**WORK TO COMPLETE:** A faithful copy of every entry is the goal; keep the images out of it.
★ ★ ★ ★
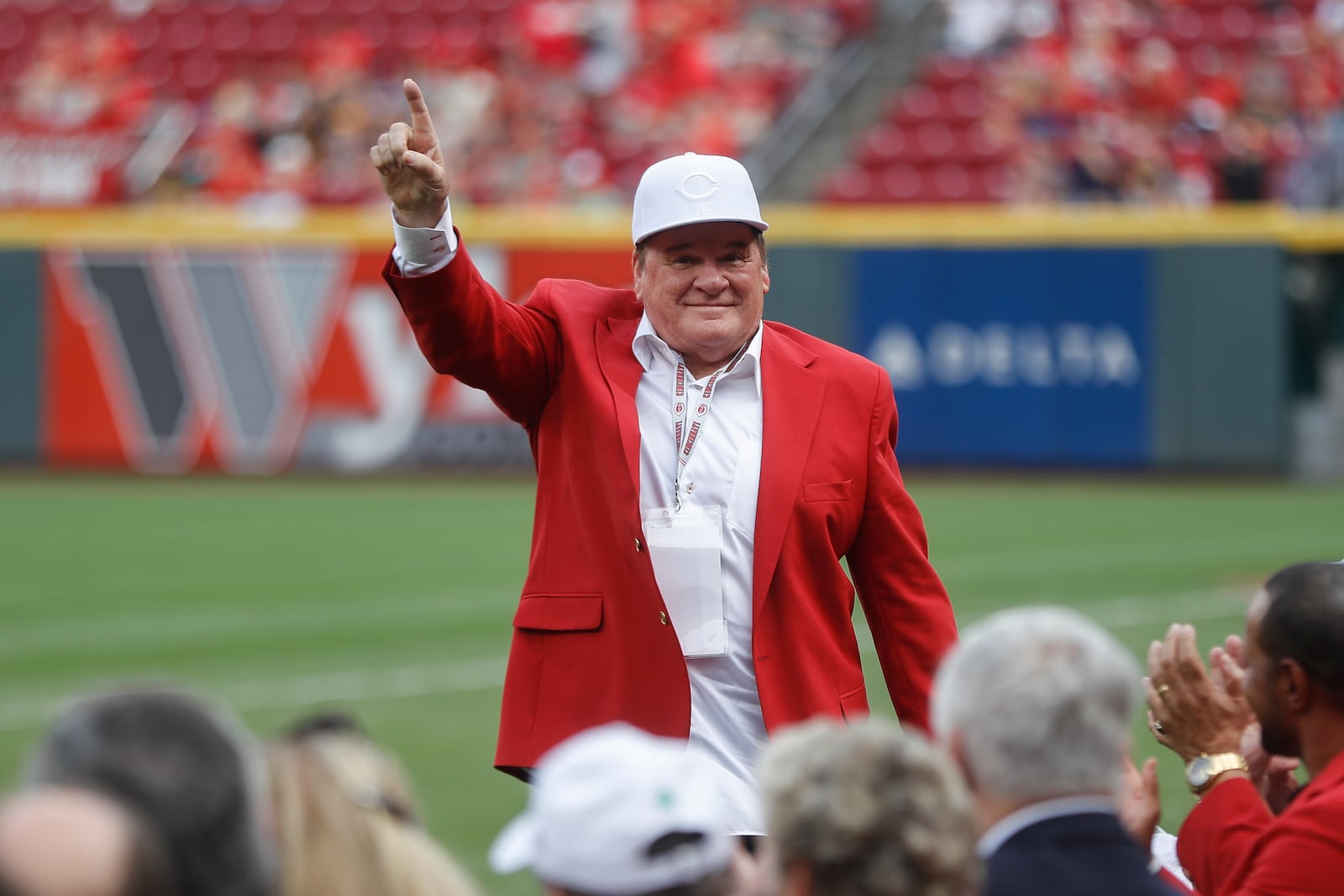 FILE - Former Cincinnati Reds player and guest Pete Ross acknowledges spectators during a Cincinnati Reds Hall of Fame induction ceremony before a baseball game against the Pittsburgh Pirates, Saturday, July 21, 2018, in Cincinnati. (AP Photo/John Minchillo, File)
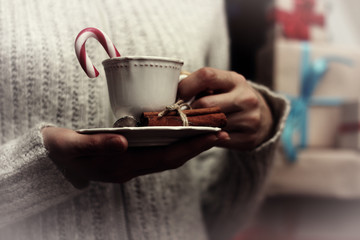 cup in hand and stack gifts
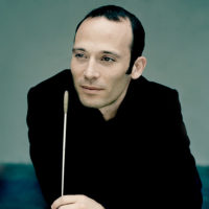 Photo of the conductor - a man in black clothes with conductor's baton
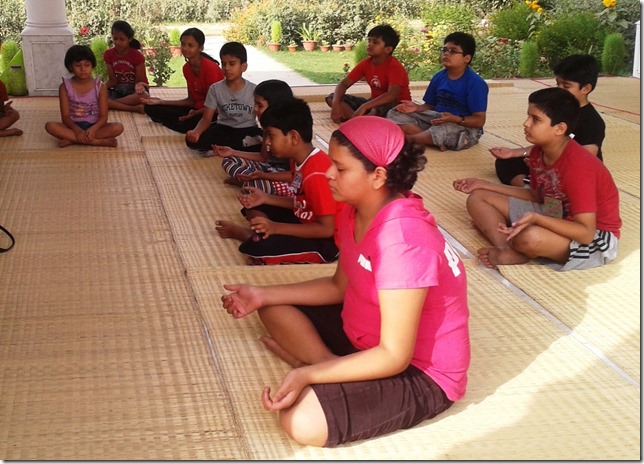 children meditating at vrindavan farm, organic india, lucknow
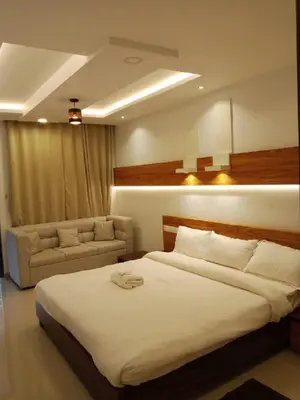 a bedroom with a large white bed and a couch at The Lavender Resort Waynad in Vaduvanchal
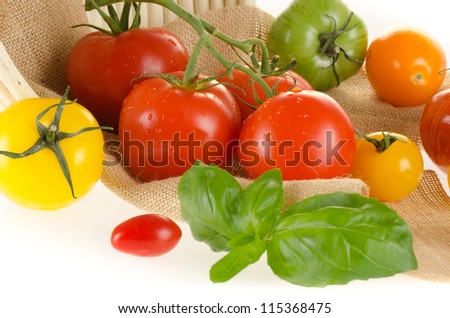 Different types of tomatoes of different colors with basket and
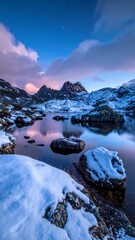 Snow-dusted rocks frame a calm lake reflecting mountains under a dusky sky with soft, pink-tinged clouds at twilight
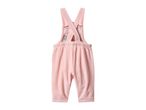 Pink baby overalls with criss-cross straps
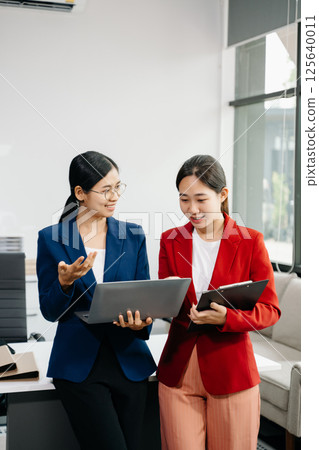 Kind leader executive manager share and discuss business solutions plan ideas on tablet with Asian female marketing manager 125640011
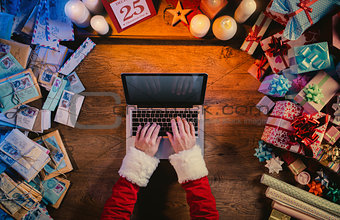Santa typing on a laptop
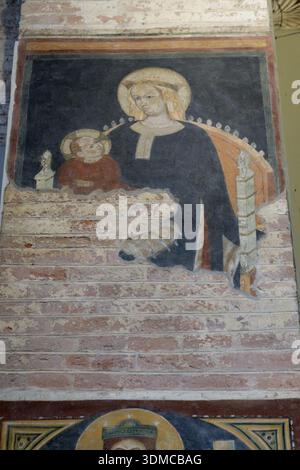 Affresco della Madonna con bambino nella Basilica di San Lorenzo maggiore (Basilica di San Lorenzo), Milano, Italia. Pittura murale religiosa medievale su mattoni. Foto Stock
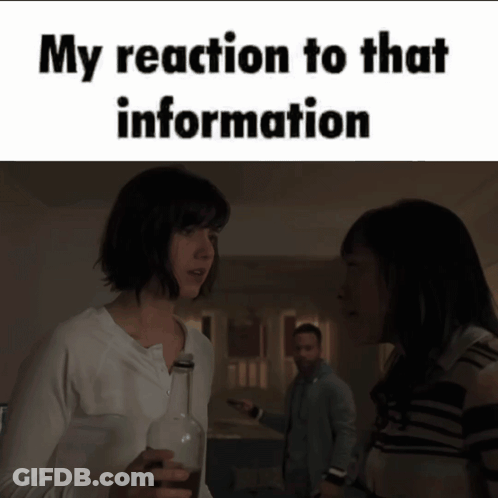 A Woman Is Holding A Bottle Of Wine And Talking To Another Woman GIF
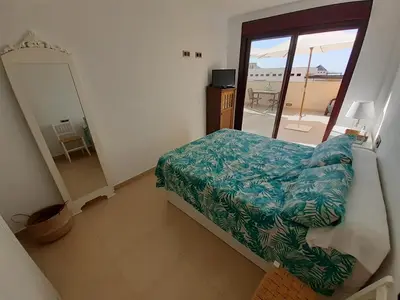 Cama o camas de una habitación en Apartamento en Águilas con amplia terraza y piscina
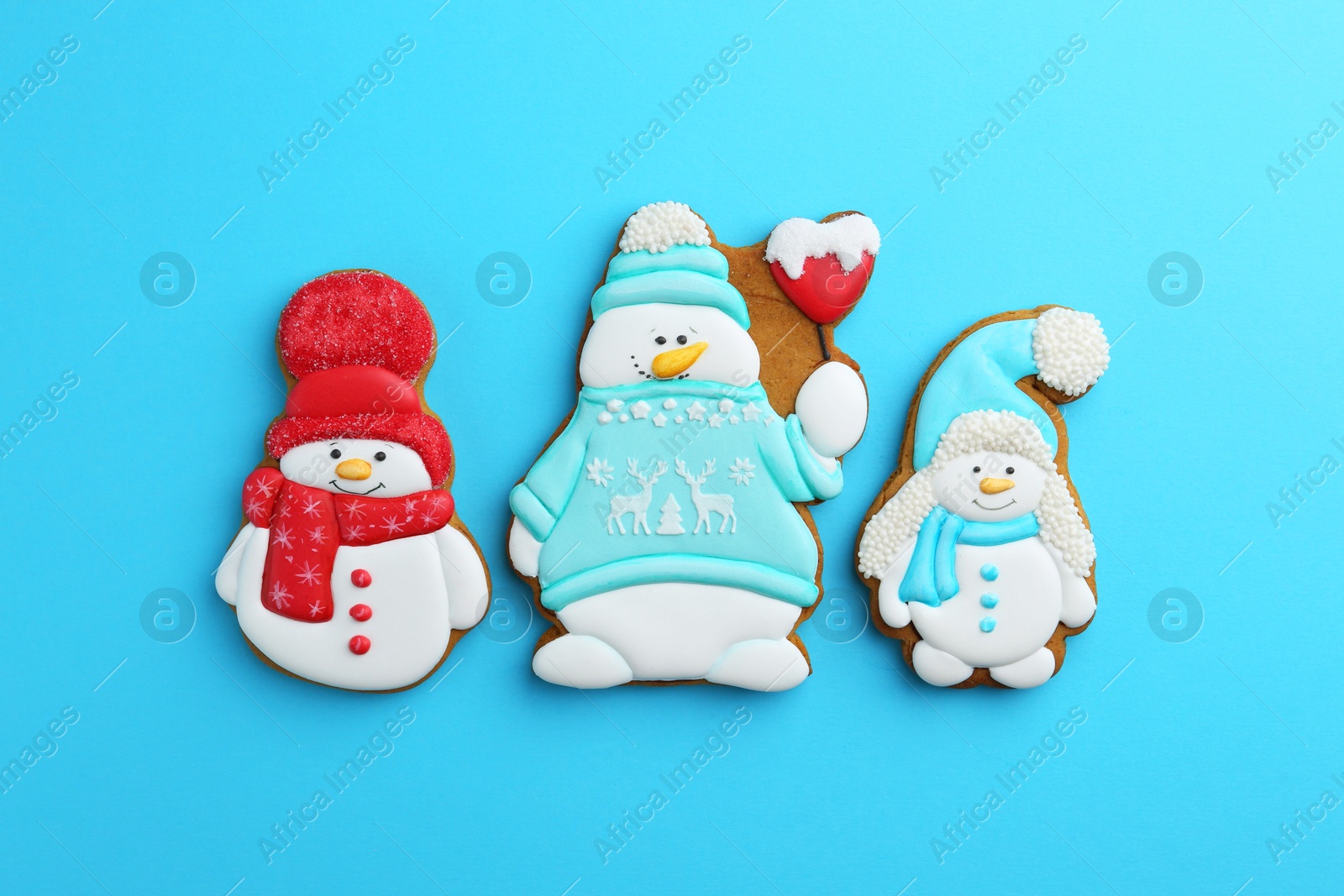 Photo of Tasty Christmas cookies in shape of snowman on light blue background, flat lay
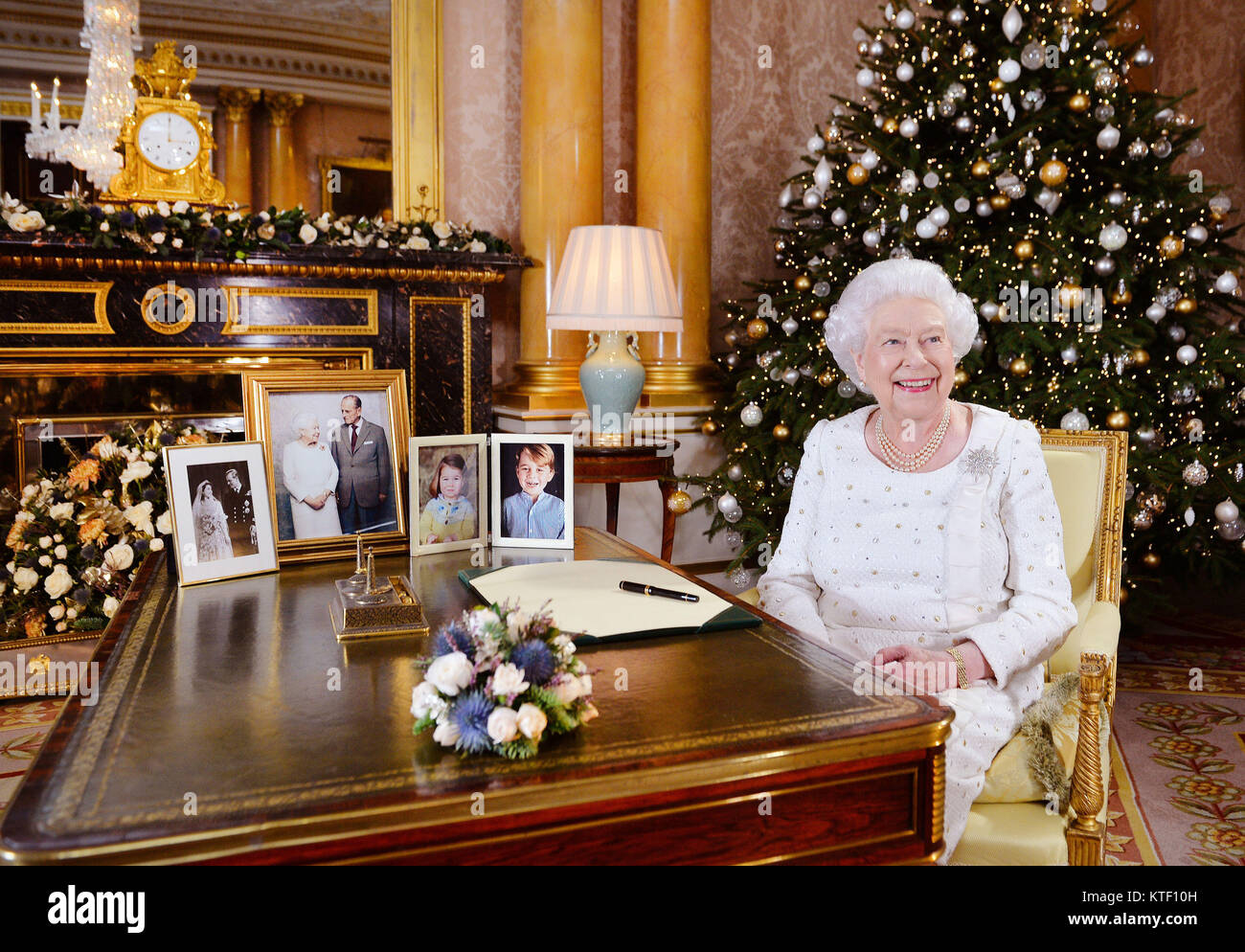 La regina Elisabetta II si siede a una scrivania in camera 1844 a Buckingham Palace di Londra, dopo la registrazione del suo giorno di Natale broadcast per il Commonwealth. Foto Stock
★ ★ ★ ★
**EXPECTED ANSWER:**
 FILE - Former Cincinnati Reds player and guest Pete Ross acknowledges spectators during a Cincinnati Reds Hall of Fame induction ceremony before a baseball game against the Pittsburgh Pirates, Saturday, July 21, 2018, in Cincinnati. (AP Photo/John Minchillo, File)
 cup in hand and stack gifts
 Photo of the conductor - a man in black clothes with conductor's baton
 children meditating at vrindavan farm, organic india, lucknow
 a bedroom with a large white bed and a couch at The Lavender Resort Waynad in Vaduvanchal
 Different types of tomatoes of different colors with basket and
 Snow-dusted rocks frame a calm lake reflecting mountains under a dusky sky with soft, pink-tinged clouds at twilight
 Pink baby overalls with criss-cross straps
 Kind leader executive manager share and discuss business solutions plan ideas on tablet with Asian female marketing manager 125640011
Santa typing on a laptop
 Affresco della Madonna con bambino nella Basilica di San Lorenzo maggiore (Basilica di San Lorenzo), Milano, Italia. Pittura murale religiosa medievale su mattoni. Foto Stock
 A Woman Is Holding A Bottle Of Wine And Talking To Another Woman GIF
 Cama o camas de una habitación en Apartamento en Águilas con amplia terraza y piscina
 Photo of Tasty Christmas cookies in shape of snowman on light blue background, flat lay
 La regina Elisabetta II si siede a una scrivania in camera 1844 a Buckingham Palace di Londra, dopo la registrazione del suo giorno di Natale broadcast per il Commonwealth. Foto Stock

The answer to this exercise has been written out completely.